We know from Dimbleby why Charles married her - I quoted these parts before. of course you can claim that Charles did not mean the things he wrote into his diary and in letters to friends, that he had in truth much more sinister reasons, but where are the sources for this?

Charles approved a book in which the author stated that Charles was very much intrigued by Diana, that he had an intensity of feelings and that he thought he could come to really love her. He didn't want to listen to warnings by friends who tried to tell him that Diana was more in love with his position than with him. He explained to Diana pre-wedding that Camilla Parker Bowles had been one of his most intimate friends but that "now that he was engaged to be married there was, and there would be, no other woman in his life."

Diana didn't believe him, obviously. Charles' then secretary Michael Colbrone recalled that "it became clear that his employer's fianceť was exceptionally interetsed in the Prince's previous relationships and, in particular, his friendship with Mrs. Parker Bowles."

So for me it is clear that Diana entered her marriage with a clear distrust of the man she was going to marry even though she claimed she loved him. For me, this is not love. IMHO she wanted to become the Princess of Wales and to own the Prince. Sorry, but for me this is the worst nightmare for any man. Because he had been tried and judged for things that happened before Diana was a part of his life. And it's absolutely clear that with tantrums and open distrust you don't get to build a stable, loving and caring relationship.

But you're right: if Charles had been more interested in Diana and Diana's problems, he would never have married her because he would have recognized the potential for utmost damage she brought with her. But he saw Diana as possessing an "easy and open manner, warmth and enthusiasm for rural life", he thought she was "lovable and warm-hearted". To quote Dimbleby: "In the autumn of 1980, the Prince invited Diana Spencer to join a house party at Balmoral. Again she reinforced the initial impression that she had made on his friends. She was so obviously happy and he seemed so attracted to her that his friends warmed to a prospective love match."

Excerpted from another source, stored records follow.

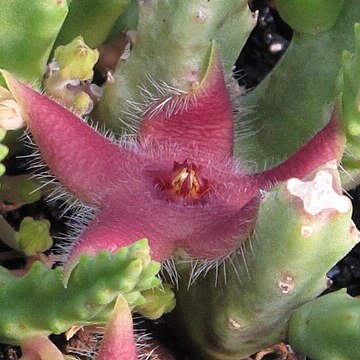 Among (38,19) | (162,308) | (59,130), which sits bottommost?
(162,308)

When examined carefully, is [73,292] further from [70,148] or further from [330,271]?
[330,271]

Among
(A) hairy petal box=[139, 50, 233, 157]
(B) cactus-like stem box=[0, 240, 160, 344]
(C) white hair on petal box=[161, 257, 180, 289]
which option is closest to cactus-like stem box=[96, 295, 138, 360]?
(B) cactus-like stem box=[0, 240, 160, 344]

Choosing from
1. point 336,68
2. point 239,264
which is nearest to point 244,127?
point 336,68

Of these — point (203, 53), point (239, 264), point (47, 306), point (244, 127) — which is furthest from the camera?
point (244, 127)

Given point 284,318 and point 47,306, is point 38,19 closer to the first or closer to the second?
point 47,306

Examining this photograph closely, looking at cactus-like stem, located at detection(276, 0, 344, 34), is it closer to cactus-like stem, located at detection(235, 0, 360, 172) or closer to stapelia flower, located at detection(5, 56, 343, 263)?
cactus-like stem, located at detection(235, 0, 360, 172)

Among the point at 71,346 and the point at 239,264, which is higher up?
the point at 239,264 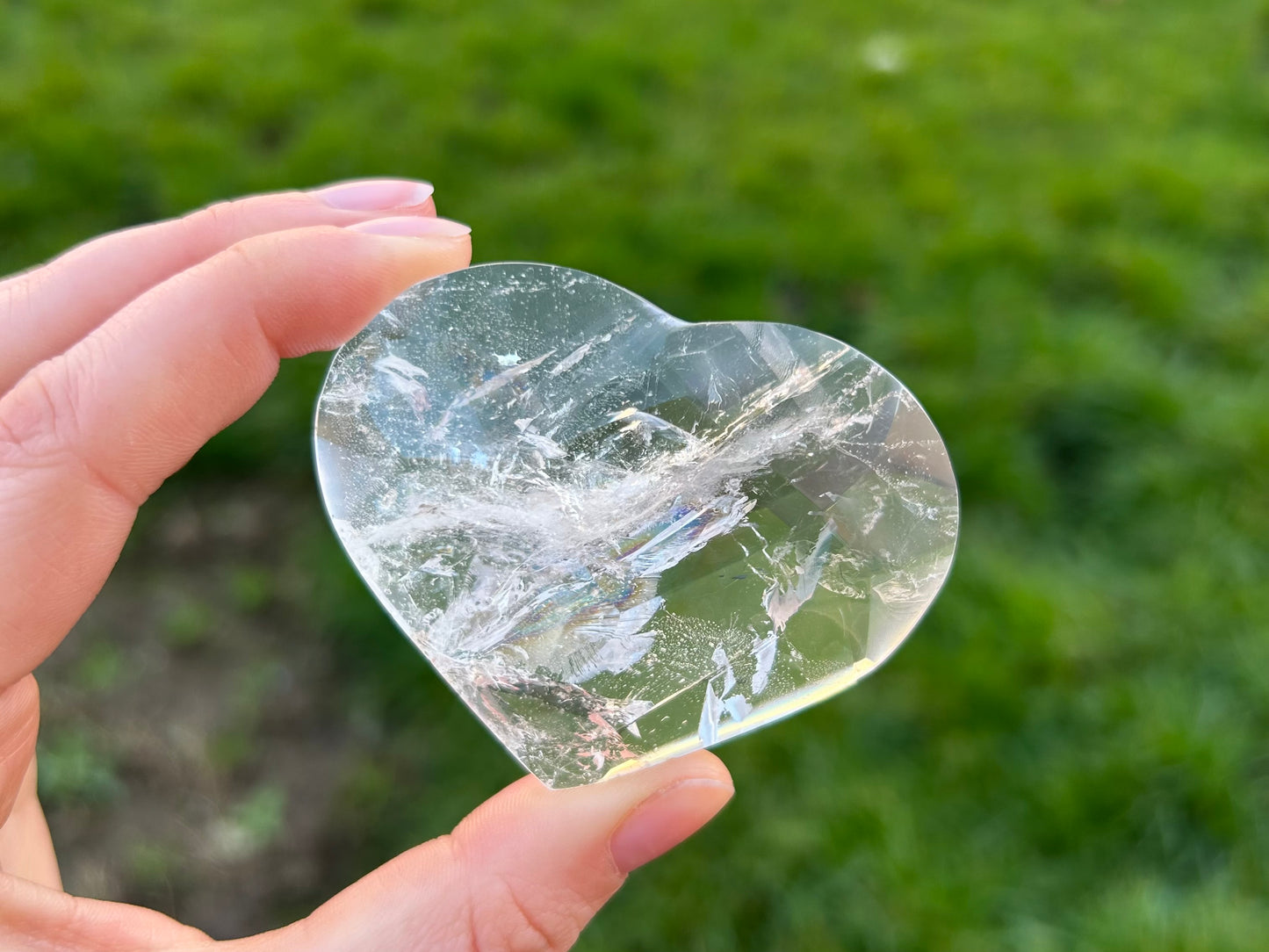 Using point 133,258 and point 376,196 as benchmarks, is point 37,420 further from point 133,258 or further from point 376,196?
point 376,196

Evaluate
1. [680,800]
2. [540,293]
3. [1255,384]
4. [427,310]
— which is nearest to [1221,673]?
[1255,384]

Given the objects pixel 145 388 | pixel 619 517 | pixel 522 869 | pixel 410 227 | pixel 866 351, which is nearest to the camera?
pixel 522 869

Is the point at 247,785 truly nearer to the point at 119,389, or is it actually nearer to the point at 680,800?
the point at 119,389

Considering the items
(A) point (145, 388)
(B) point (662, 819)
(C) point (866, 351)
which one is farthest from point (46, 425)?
(C) point (866, 351)

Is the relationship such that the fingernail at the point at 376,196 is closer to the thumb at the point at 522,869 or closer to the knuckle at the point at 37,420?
the knuckle at the point at 37,420

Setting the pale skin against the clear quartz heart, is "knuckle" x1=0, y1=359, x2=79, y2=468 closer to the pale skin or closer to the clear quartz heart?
the pale skin

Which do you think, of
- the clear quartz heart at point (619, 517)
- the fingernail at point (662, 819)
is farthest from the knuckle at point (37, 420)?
the fingernail at point (662, 819)

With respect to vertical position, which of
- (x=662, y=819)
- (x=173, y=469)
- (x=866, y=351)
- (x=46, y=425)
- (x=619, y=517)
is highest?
(x=46, y=425)

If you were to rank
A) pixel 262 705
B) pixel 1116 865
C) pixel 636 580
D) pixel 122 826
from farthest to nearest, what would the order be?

But how can she appear in autumn of 1980 at a houseparty to be open and warm when a short time later she started to be mistrusting, started to cry, became eating disorders. Dimbleby: "Having known only the "jolly" girl who had enlivened Balmoral six months earlier, he had been baffled to discover her sudden shifts in mood - her "other side" as he referred to it ( in an interview with Dimbleby.)

That was not Charles' doing, that was a psychological issue she brought with her to the marriage. Sure, the difficult situation in which she found herself had been a trigger, but other girls have managed the transformation from commoner to princess much better and without the help of a background of the nobility and a sister who had been married to a senior courtier. It all went to fast with them and when they realised it, it was too late.

But to blame Charles and him alone is making the things too easy. Diana wasn't the first Royal to suffer from depressions and she could have gotten professional help to find a way to fit in with her situation. But, as someone said: she had "backbone" and was not willing to lie in the bed she had made herself and to work to make this bed more comfortable and acceptable for herself.

And something else: could you please equally willing to name sources for statements like "Camilla handpicked Diana" and to offer sources for quotes which, if they are reliable, really can point to certain character traits but if they are only invented, help nothing on assessing what might have happened in reality. Because this discussion is not about fantasies of beautiful princesses and ugly princes, but about real people who have been part of history.